Go into K-12 teaching and you'll earn modest but stable income with real benefits. Teaching salaries won't make you wealthy, but pensions, health insurance, and job security add value that salary comparisons alone don't capture. And 103,800 annual openings for elementary teachers means you're not going to struggle finding a position.

Use your education degree as a launchpad into corporate training, instructional design, or edtech, and your ceiling goes up significantly. These roles pay on corporate scales, not public school salary schedules.

Here's what most people underestimate: an education degree is one of the most transferable degrees you can get. You learn to communicate complex ideas clearly, design structured learning experiences, assess understanding, and manage groups. Those skills show up in training, consulting, project management, and people operations across every industry. For more on transferable degrees, our liberal arts career guide covers similar territory.

Graduation cap on education textbooks with laptop showing job listings

Frequently Asked Questions

Can you work in business with an education degree?

Yes. Corporate training, learning and development (L&D), human resources, and edtech are all within reach. Companies need people who can design and deliver effective learning programs. That's literally what your education degree trained you to do. Plenty of corporate trainers and L&D professionals started as classroom teachers and made the switch.

What is the highest paying job with an education degree?

School principal, at a BLS median of $104,070 per year (May 2024). You'll need a master's in education administration plus several years of teaching experience. Corporate training directors and edtech PMs can also hit six figures, but those roles are harder to pin down with standardized data.

Is teaching the only option with an education degree?

No. At least six well-defined paths exist beyond the classroom: school counseling, instructional design, corporate training, curriculum development, education policy, and edtech product management. Several of these pay more than teaching and are growing faster.
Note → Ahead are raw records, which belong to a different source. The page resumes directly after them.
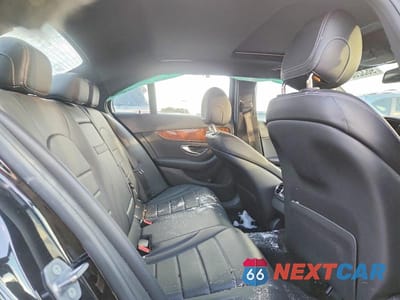 Zdjęcie 10 z 11 samochodu: 2018 MERCEDES-BENZ C 300 4MATIC VIN:55SWF4KB7JU270830 - miniatura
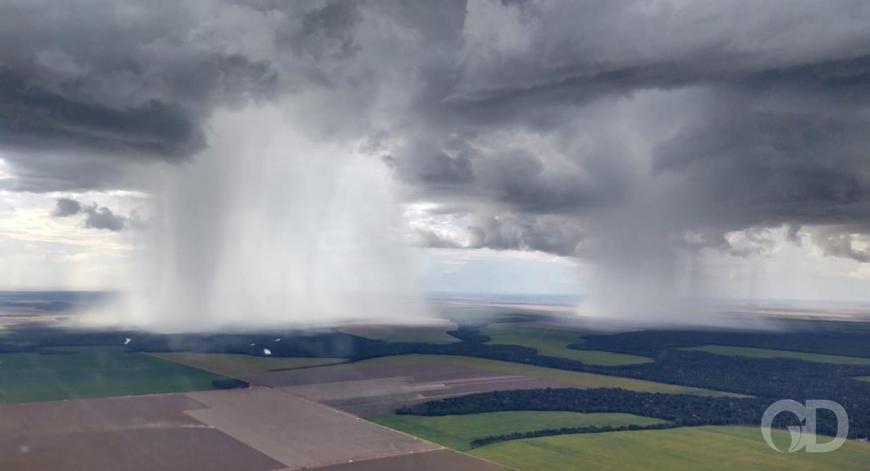 Nuvem gigante chama a atenção no céu de Mato Grosso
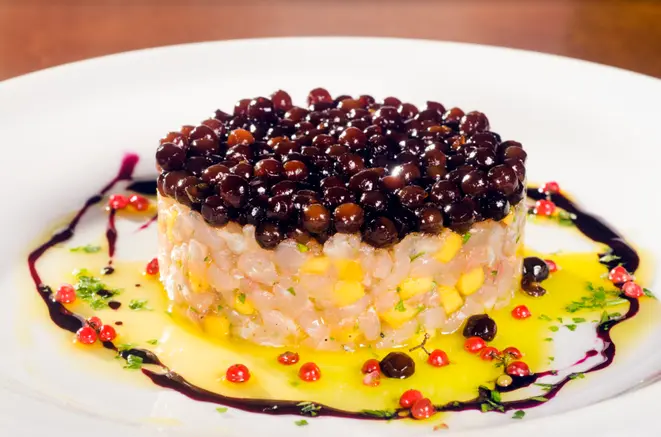 Tartar de peixe com caviar de tapioca. Foto: Divulgação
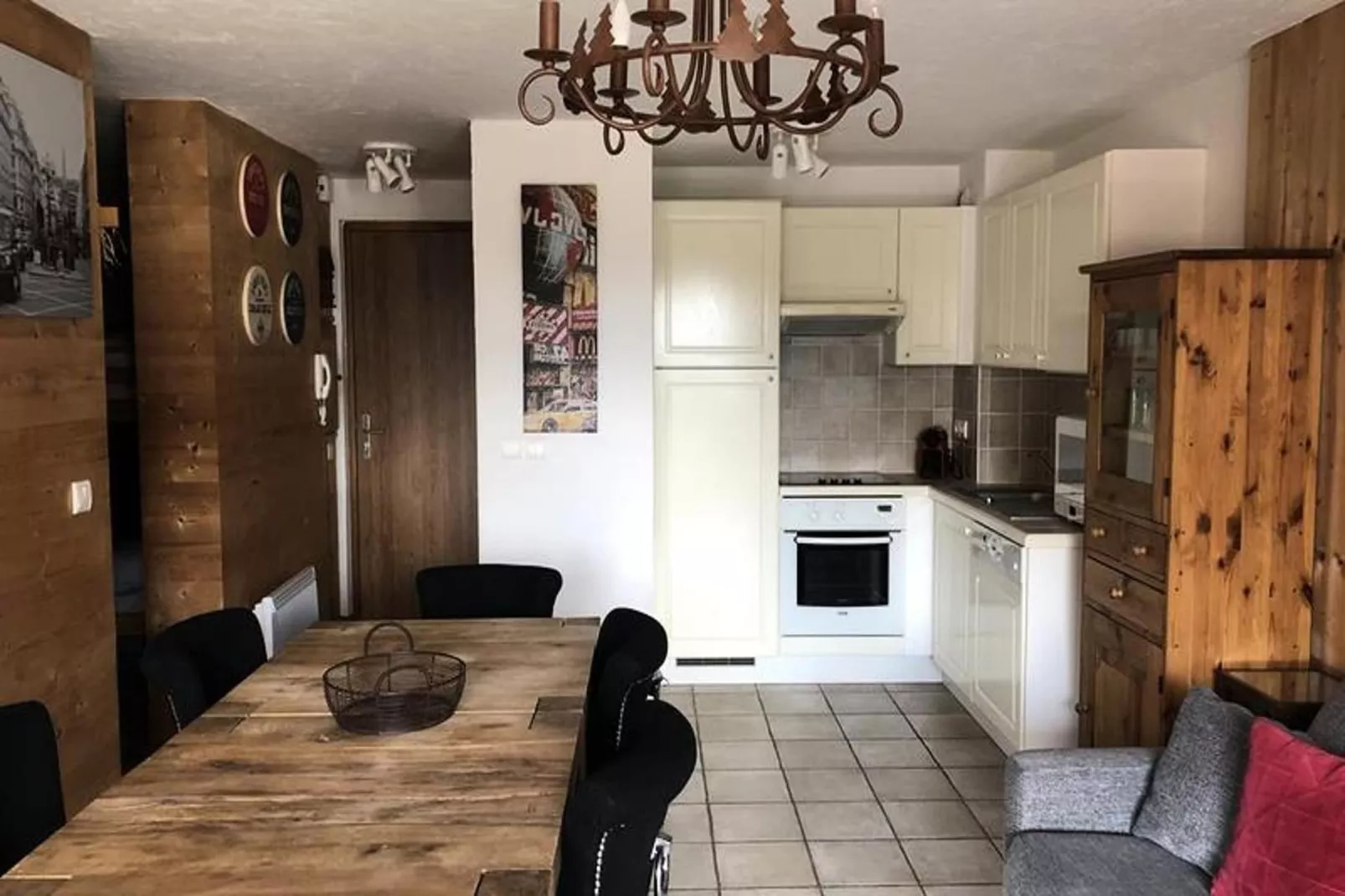 Chalet Alpina-Dining room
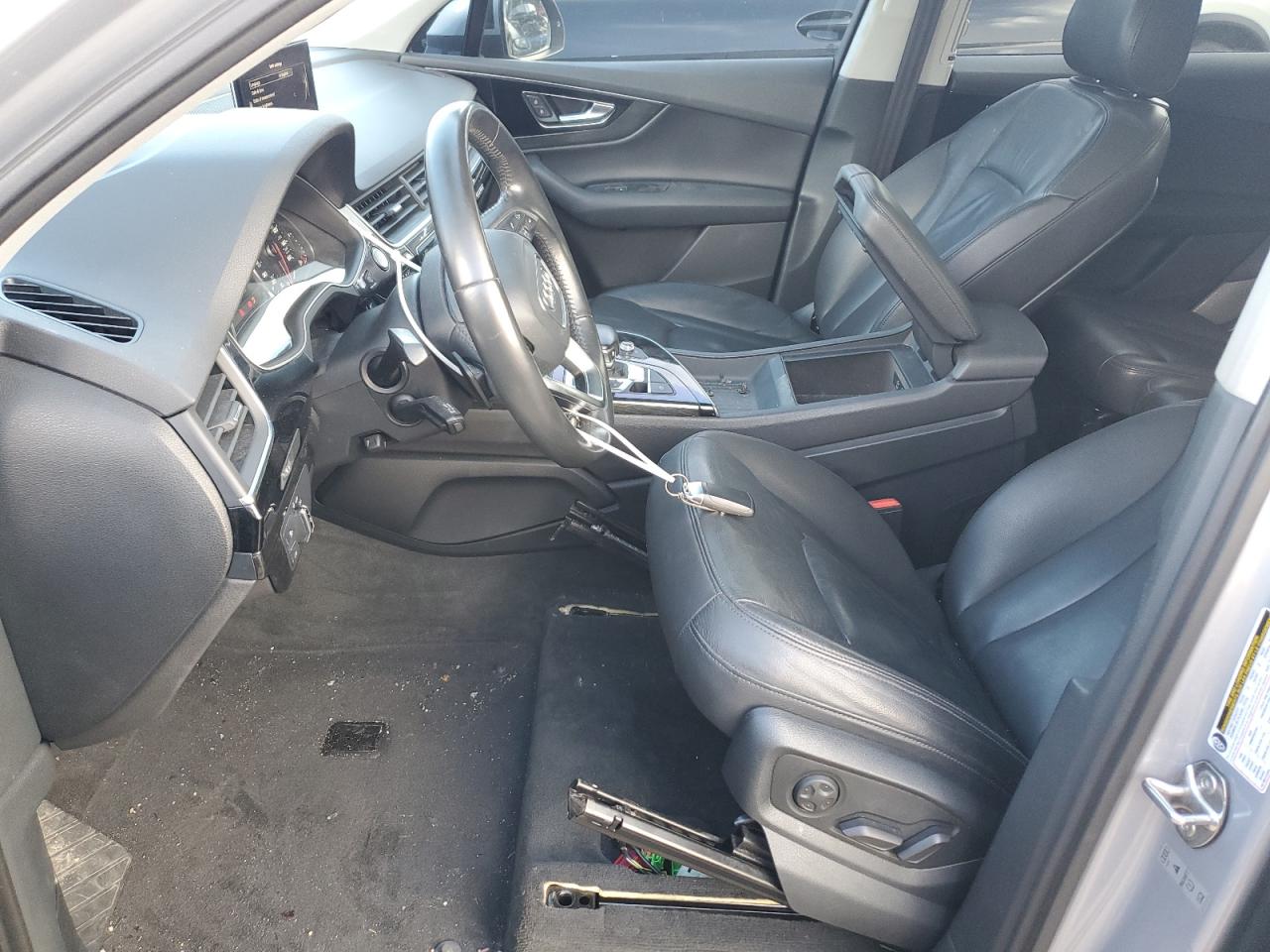 WA1LAAF73HD002649 2017 Audi Q7 Premium Plus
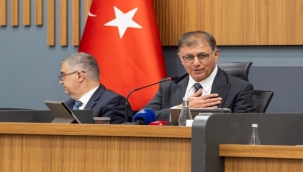 Başkan Tugay'dan Karabağlar dönüşüm ve çöp sorunu için Ankara çağrısı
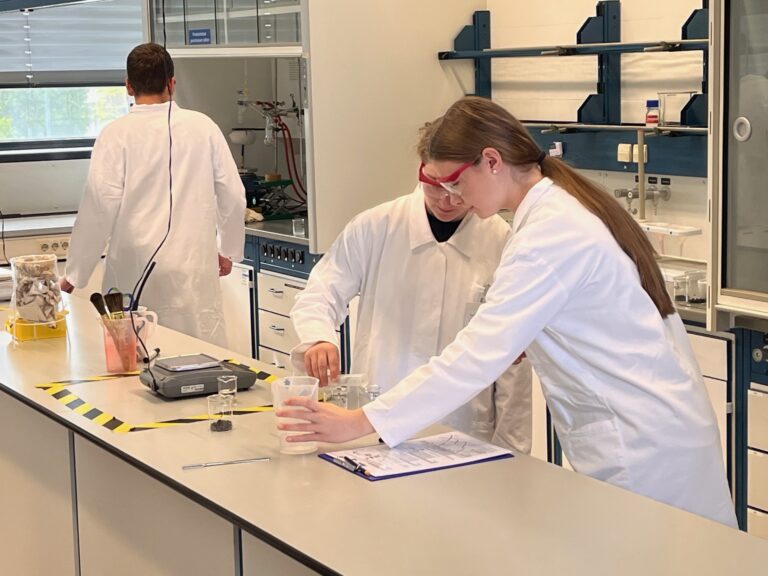 Mehr über den Artikel erfahren Klasse 9c der Realschule Bad Schönborn erforscht die Chemie des Kaffees im BASF Teens Lab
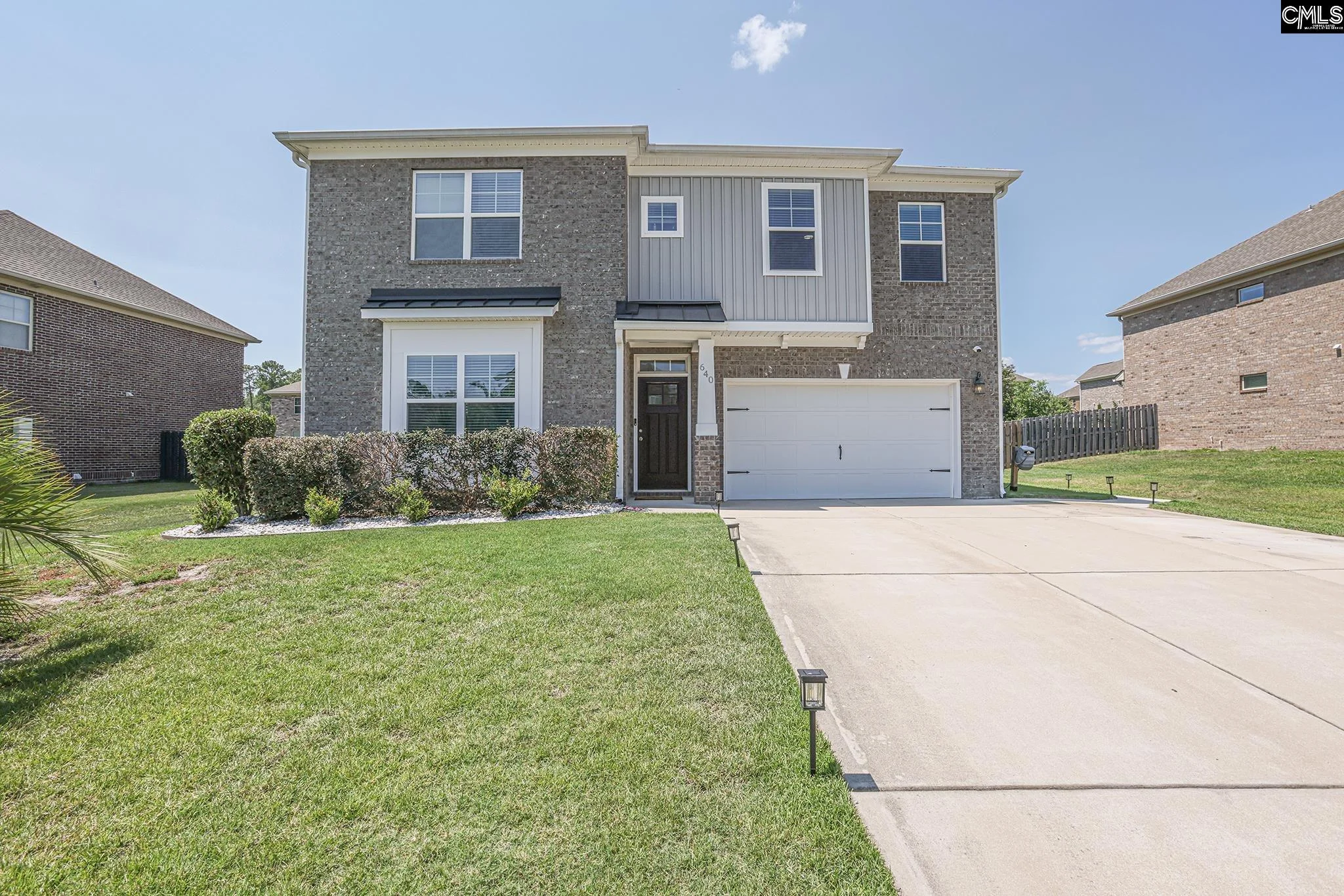 640 Stoneywater Court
Do you need a master's for education careers?

Depends on the role. K-12 teaching needs a bachelor's plus state certification. School counseling and administration typically need a master's. Instructional design and corporate training roles often prefer one but don't always require it, especially if you bring relevant project experience. Externships and internships can help offset the lack of a graduate degree early in your career.

Can education majors work in tech?

Absolutely. The edtech industry specifically wants people who understand learning. Product manager, learning experience designer, customer success manager for school-facing tools, content developer for platforms like Coursera or Duolingo. Your pedagogy background is a genuine competitive advantage over candidates from pure tech or business programs.